Am I going crazy/Strange Concerns... (Prepping)
#61
Posted 05 December 2012 - 03:57 PM
Make sure you have protection from other humans though. If anything is going to go down they will become your worst enemy.
#62
Posted 05 December 2012 - 03:59 PM
I'm working from half remembered info I picked up right after the Japanese tsunami so I admit I could be wrong here...

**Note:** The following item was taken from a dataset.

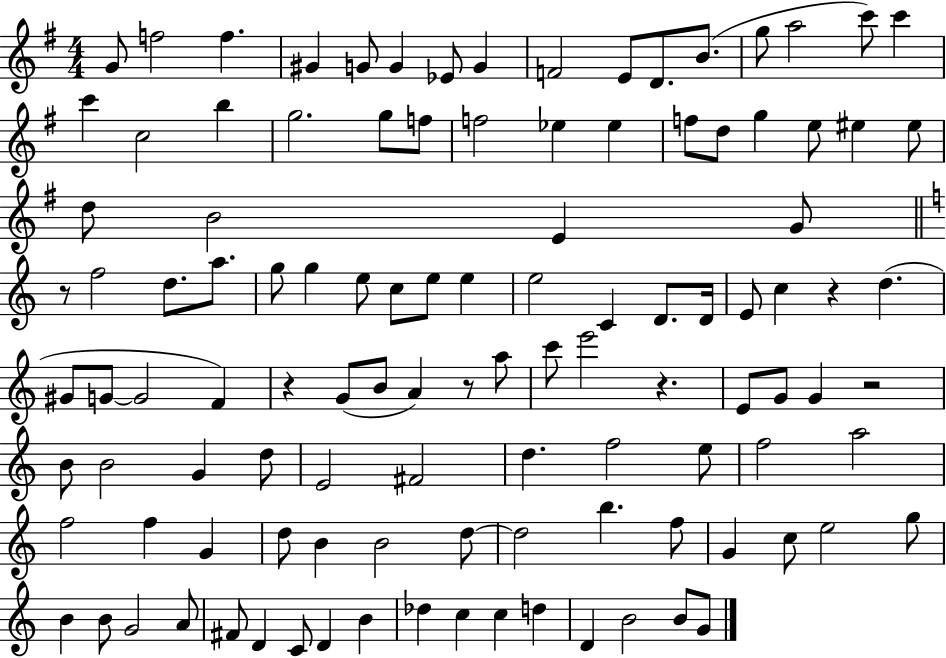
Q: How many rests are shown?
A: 6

Our reactors are built so that the un-powered state is that the fuel rods are fully retracted into their coolant and their absorption packages. In the case of total power failure they return to their safest and most stable condition expressly to prevent incidents like Fukashima. Its my understanding that barring physical damage to the control mechanisms or deliberate sabotage the reactors here are much more disaster resistant..
but wouldn't you need some sort of water exchanger to keep them cooling? hard to do without power...
I don't know... just genuinely curious...
#63
Posted 05 December 2012 - 04:06 PM
but wouldn't you need some sort of water exchanger to keep them cooling? hard to do without power...
I don't know... just genuinely curious...
I would assume, and I don't know either, that the on-site diesel generators provide power for long enough to keep the water circulating to exchange heat while the system cools down after an automatic shutdown. Once the control rods are in place, the heat just needs to dissipate and then it wouldn't matter if the water circulated anymore, right?
Maybe that's why they online require one weeks worth of diesel on site... once the automatic shutdown takes place and it cools, you wouldn't need power. Total speculation on my part however.
#64
Posted 05 December 2012 - 04:10 PM
lol
#65
Posted 05 December 2012 - 04:11 PM
The illuminati tried but failed with y2k
#66
Posted 05 December 2012 - 04:13 PM
A generator or other power source would be needed to restart the facility.
#67
Posted 05 December 2012 - 04:15 PM
You know as much about the next 15 minutes of your life as you do about what I ate for breakfast this morning...
#68
Posted 05 December 2012 - 04:16 PM
Like biscuit guessed and I explained. GE counts.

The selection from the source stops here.